Aspal adalah material yang berwarna hitam atau coklat tua dan berfungsi sebagai bahan pengikat, pada temperatur ruang berbentuk padat sampai agak padat, sebagian besar terbentuk dari unsur hidrokarbon yang disebut bitumen, sehingga seringkali aspal disebut pula bitumenous material.
Aspal bisa berasal suatu produk berbasis minyak yang merupakan turunan dari proses penyulingan minyak bumi dan dikenal dengan nama aspal keras. Kemudian ada aspal alam yang terdapat di alam secara alamiah. Atau aspal yang dibuat dengan menambahkan bahan tambah ke dalam aspal yang bertujuan untuk memperbaiki atau memodifikasi safat rheologi-nya sehingga menghasilkan jenis aspal baru yang disebut aspal modifikasi.

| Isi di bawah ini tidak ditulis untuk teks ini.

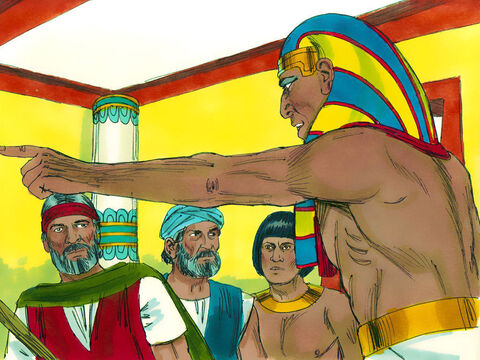 Pharaoh became stubborn again, broke his promise and refused to let God’s people go and worship Him. – Slide 6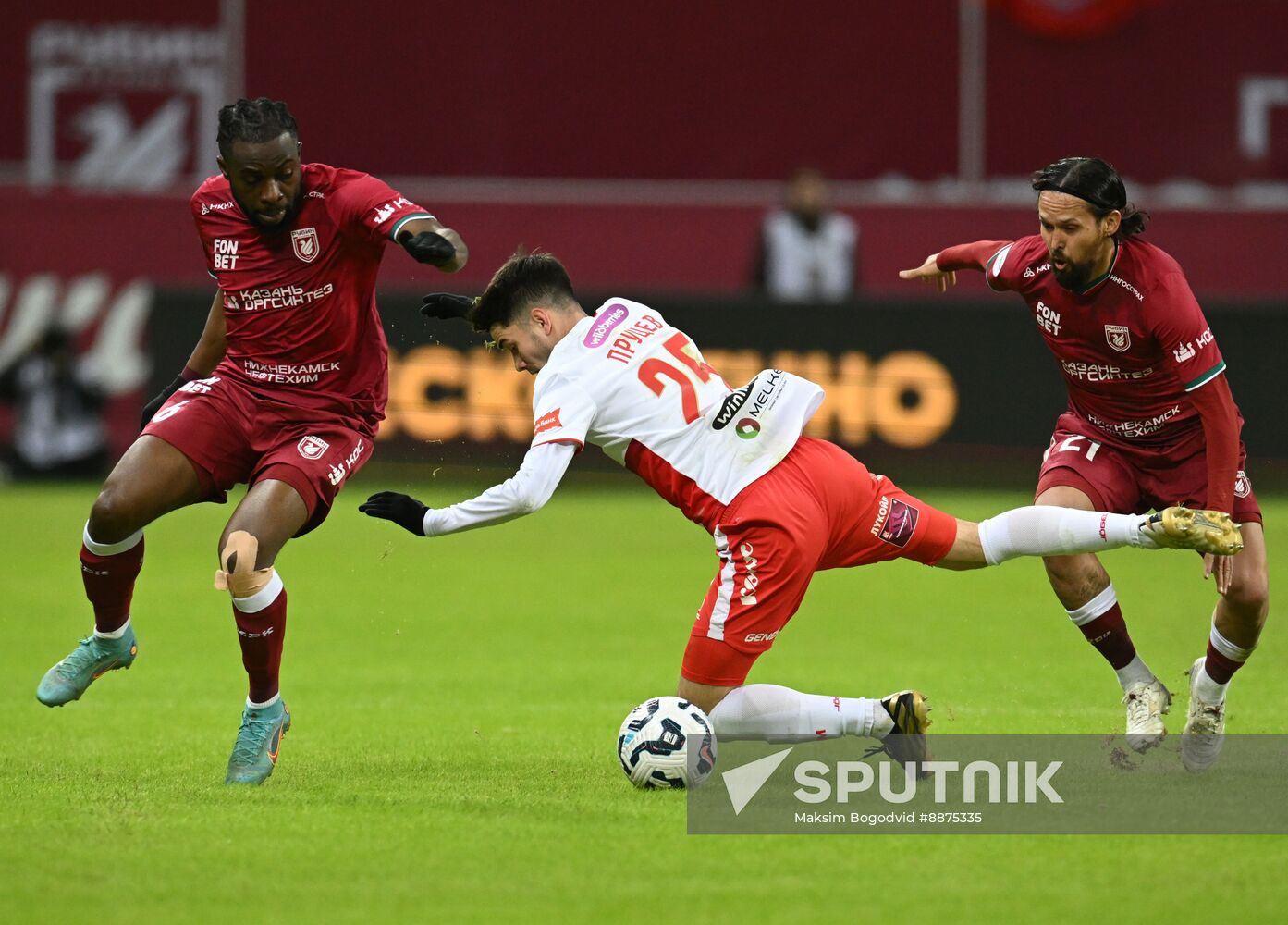 Russia Soccer Premier-League Rubin - Spartak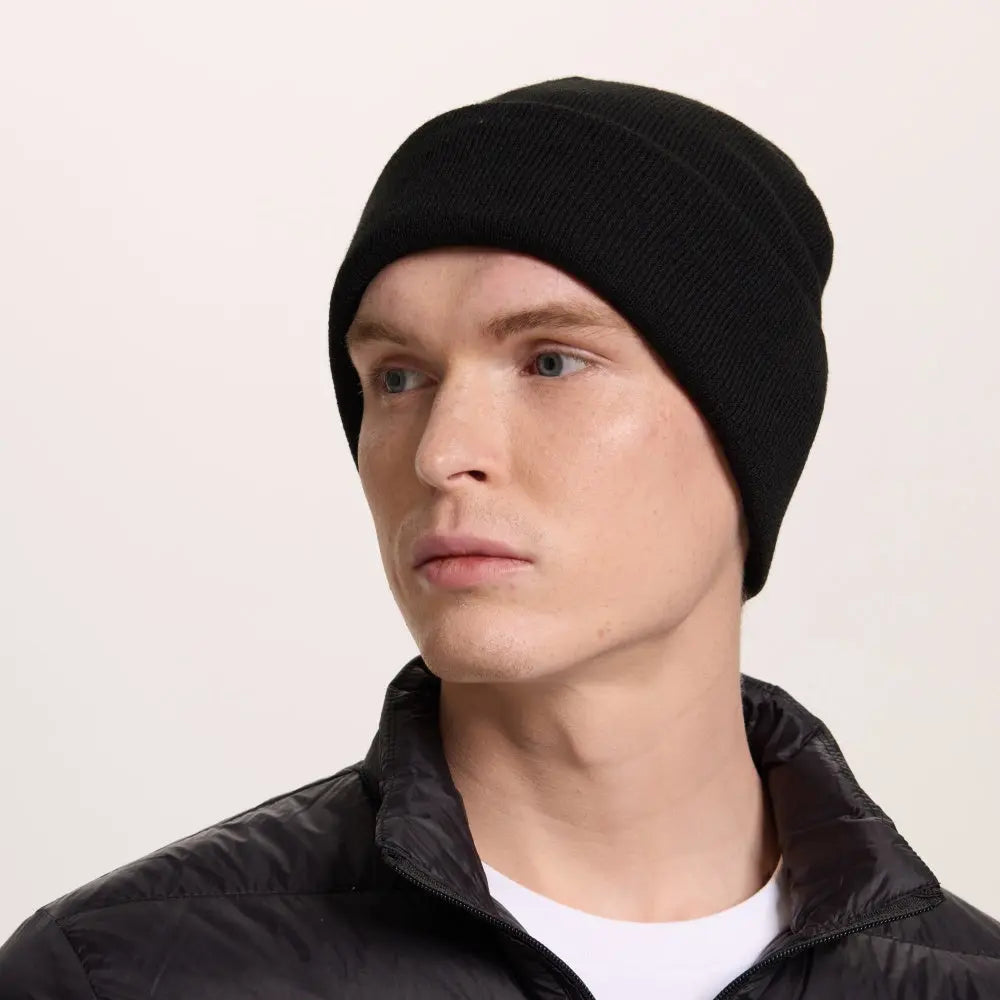 Blank Cuffed Satin Lined Beanie Wholesale - 1176 Foremost Hat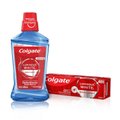 ENXAGUANTE BUCAL COLGATE LUMINOUS WHITE 500ML + CREME DENTAL CLAREADOR LUMINOUS WHITE 70G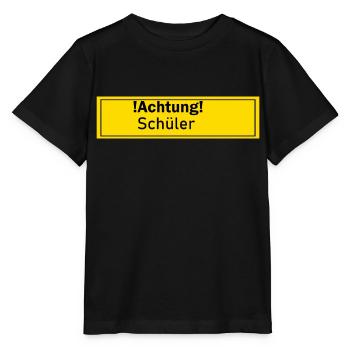 Schüler Schülerin Schule Geschenk Geschenkidee - Stanley/Stella Kinder T-Shirt MINI CREATOR  - Schwarz - Vorne - Mikhail (115cm)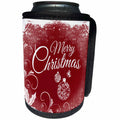 3dRose Sven Herkenrath Christmas - Red Vintage Art of Merry Christmas - Can Cooler Bottle Wrap (cc_236529)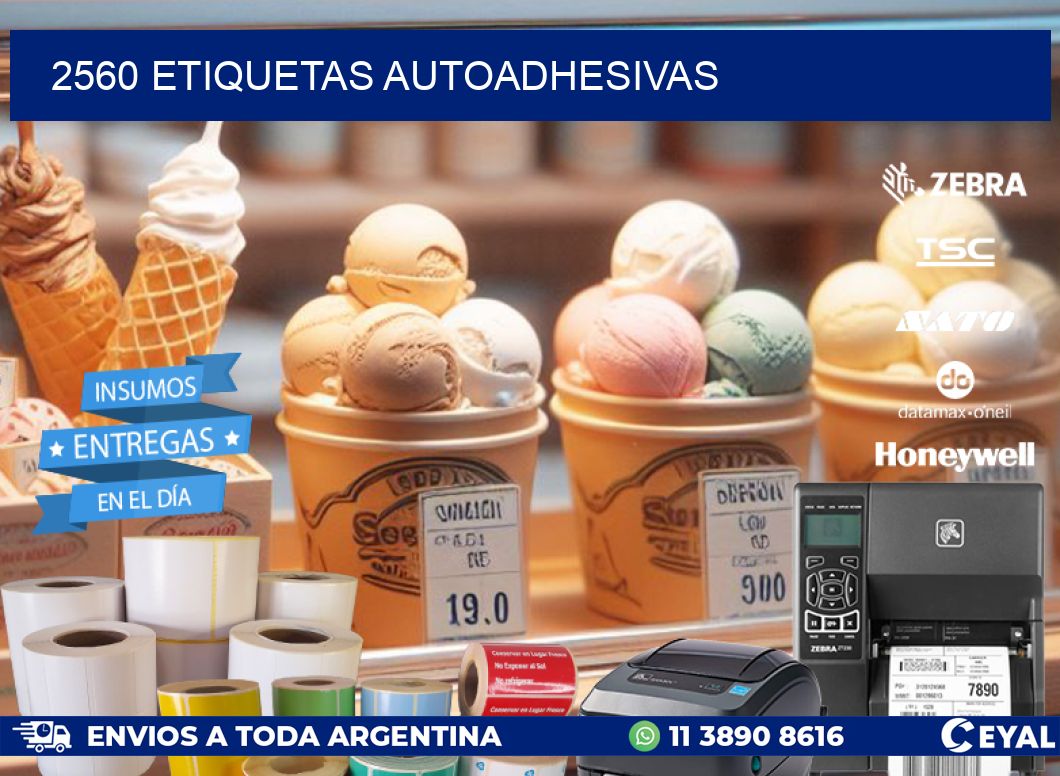 2560 ETIQUETAS AUTOADHESIVAS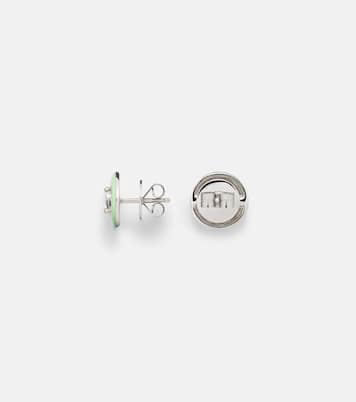 Boucles d’oreilles en or blanc 18 ct et diamants | Kamyen
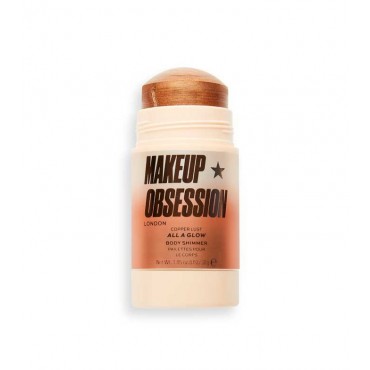Makeup Obsession - Iluminador en stick All A Glow Body Shimmer - Copper Lust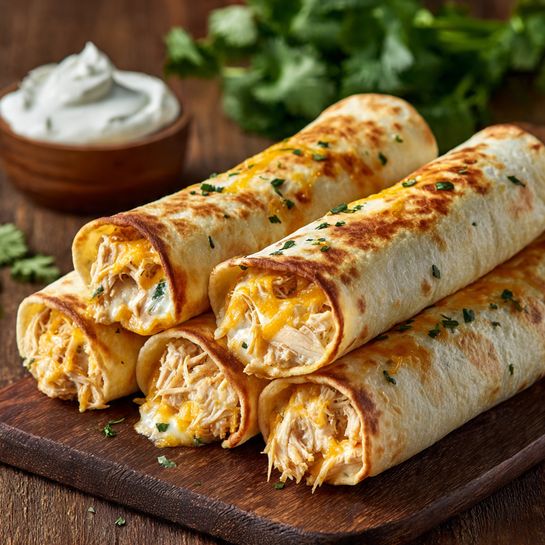 Homemade Chicken Taquitos Recipe - Recipe Image
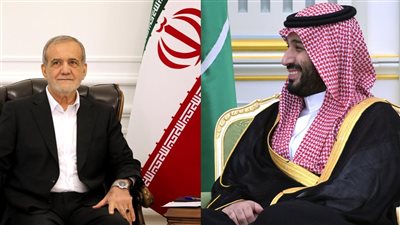 مسعود بزشكيان لولي العهد السعودي: نقدر دعم الدول الإسلامية لإيران 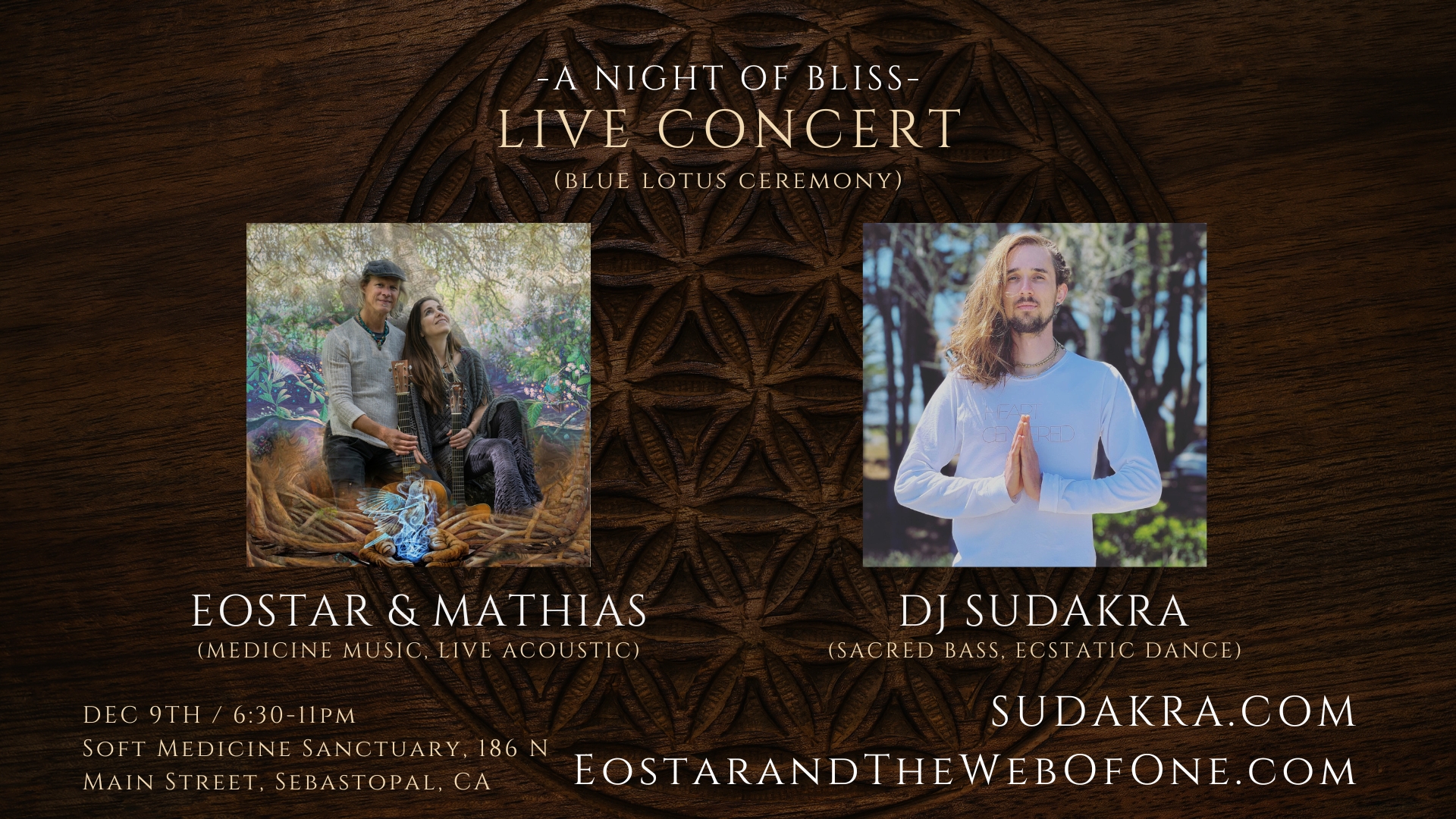 Medicine Music and EDance w EOSTAR and MATHIAS and DJ SUDAKRA !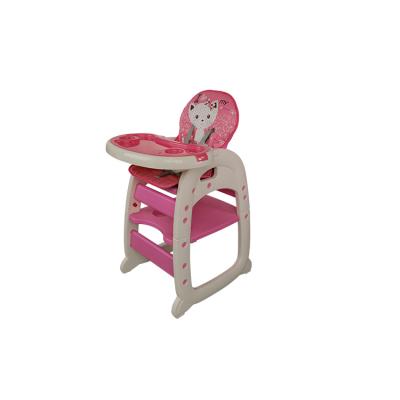 China Modern Cheap Baby Dining Umpire Chair Baby Feeding Plastic Highchair for sale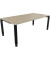 Schreibtisch All in One, manuell h&ouml;henverstellbar, 68-82cm (H), 200x100cm (BxT), rechteckig, eiche natur / anthrazit metallic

Dalam lingkungan konstruksi atau infrastruktur jalan dikenal ada beberapa jenis aspal. Ada yang namanya Aspal Makadam (macadam penetrasi), aspal yang digunakan untuk menambal tebal konstruksi pondasi dan untuk memperbarui permukaan.
Ada disebut aspal beton, yakni batuan kering yang dipanaskan dicampur dengan aspal panas dalam pabrik pencampur dan diangkut ketempat pekerjaan. Ada juga Butas (Buton Aspal), aspal yang tergolong aspal batu atau rock aspal yang banyak di temui di pulau Buton, Sulawesi Tenggara. Bentuknya seperti batu cadas dan berwarna hitam.
Di Indonesia saat ini sebagai bahan pengikat didalam perkerasan jalan digunakan aspal minyak penetrasi 60 dan penetrasi 80 atau biasa disebut dengan AC 60/70 dan AC 80/90.
Aspal Campuran Karet
Menurut Andi Syaiful Amal dalam penelitian, “Pemanfaatan Getah Karet Pada Aspal AC 60/70 terhadap Stabilitas Marshall Pada Asphalt Treated Base (Atb) 1,” dari hasil pengamatan selama ini di lapangan penggunaan AC 60/70 kurang tahan lama atau cepat mengeras dengan manifestasi perkerasan jalan relative cepat retak, sedangkan penggunaan AC 80/90 kurang keras dengan manifestasi permukaan jalan relatif cepat bergelombang.
Masalah ini timbul karena iklim di Indonesia yang tropis, yaitu sinar matahari sepanjang tahun, curah hujan yang tinggi dan kondisi perkerasan di Indonesia pada umumnya kurang mantap. Untuk kondisi iklim dan kondisi perkerasan jalan di Indonesia tersebut sangat diperlukan bahan pengikat yang bersifat keras, titik lembek yang tinggi, elastis, pelekatan yang baik dan tahan lama.
Untuk meningkatkan masing-masing mutu aspal minyak penetrasi 60 dan aspal minyak penetrasi 80 agar menjadi lebih keras, titik lembek yang tinggi, lebih elastis, pelekatan baik dan lebih tahan lama, maka perlu penambahan bahan lain diantaranya mencampur aspal dengan lateks (getah karet). Maka kini tersedia aspal karet seperti yang diprakarasai dan digunakan pada pembangunan jalan di Kabupaten Muba sejak 2018.
Lateks merupakan sumber daya alam yang banyak dihasilkan di Indonesia, karena Indonesia sebagai salah satu penghasil karet terbesar di dunia, sehingga didapat baik dalam jumlah dan kualitas yang dibutuhkan. Untuk bahan aspak karet dapat digunakan beberapa jenis karet, baik karet alam maupun karet sintesis yang dapat digunakan untuk pembuatan campuran aspal karet untuk perkerasan jalan diantaranya adalah karet butiran, baik yang belum maupun yang sudah mengalami vulkanisasi dan karet padat serta karet cair ( lateks ).